Generating f64x4 from [f64;4] crashes the program

ishan · March 10, 2022, 9:07am

Hey there!
I am using packed_simd_2 0.3.7 and latest version of rand.

I have this program,

use packed_simd::f64x4;
use rand::Rng;

fn main() {
    let mut rng = rand::thread_rng();

    // This works fine!
    println!("{:?}", f64x4::from_slice_aligned(&rng.gen::<[f64; 4]>()));

    // This crashes the program
    println!("{:?}", gen_random(&mut rng));
}

#[derive(Debug)]
pub struct Vec3(f64x4);

fn gen_random<R: Rng + ?Sized>(rng: &mut R) -> Vec3 {
    Vec3(f64x4::from_slice_aligned(&rng.gen::<[f64; 4]>()))
}

Running this program crashes with,

thread 'main' panicked at 'assertion failed: `(left == right)`
  left: `2`,
 right: `0`', /home/ishan/.cargo/registry/src/github.com-1ecc6299db9ec823/packed_simd_2-0.3.7/src/v256.rs:66:1
note: run with `RUST_BACKTRACE=1` environment variable to display a backtrace

I had this code in my raytracer and it was working fine until maybe an year ago. I tried to run it again today and now it just crashes with this error. Changing from f64x4::from_slice_aligned to f64x4::from_slice_unaligned also "fixes" the problem.

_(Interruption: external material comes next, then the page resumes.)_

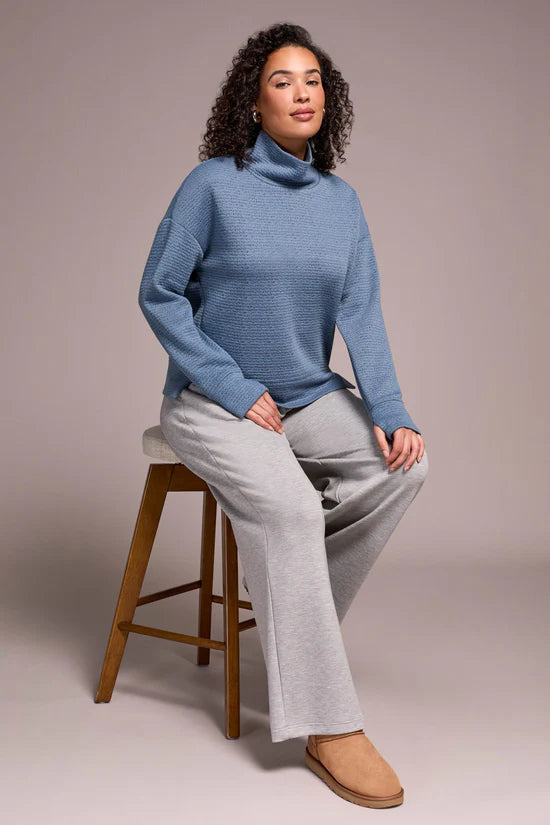Tribal Funnel Neck Top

There is this at the specified line in the stack trace,

impl_f!([f64; 4]: f64x4, m64x4 | f64 | test_v256 | x0, x1, x2, x3 |
        From: i8x4, u8x4, i16x4, u16x4, i32x4, u32x4, f32x4 |
        /// A 256-bit vector with 4 `f64` lanes.
);

This is the from_slice_aligned function.

        #[inline]
        pub fn from_slice_aligned(slice: &[f64]) -> Self {
            unsafe {
                if !(slice.len() >= 4) {
                    ::core::panicking::panic("assertion failed: slice.len() >= 4")
                };
                let target_ptr = slice.get_unchecked(0) as *const f64;
                {
                    match (&target_ptr.align_offset(crate::mem::align_of::<Self>()), &0) {
                        (left_val, right_val) => {
                            if !(*left_val == *right_val) {
                                let kind = ::core::panicking::AssertKind::Eq;
                                ::core::panicking::assert_failed(
                                    kind,
                                    &*left_val,
                                    &*right_val,
                                    ::core::option::Option::None,
                                );
                            }
                        }
                    }
                };
                Self::from_slice_aligned_unchecked(slice)
            }
        }

So, This is where it checks that things are aligned properly and is likely the assert that's failing here. I am not sure why/how it was working fine a year ago and only now has started acting up ? Does any one know how do I fix this problem?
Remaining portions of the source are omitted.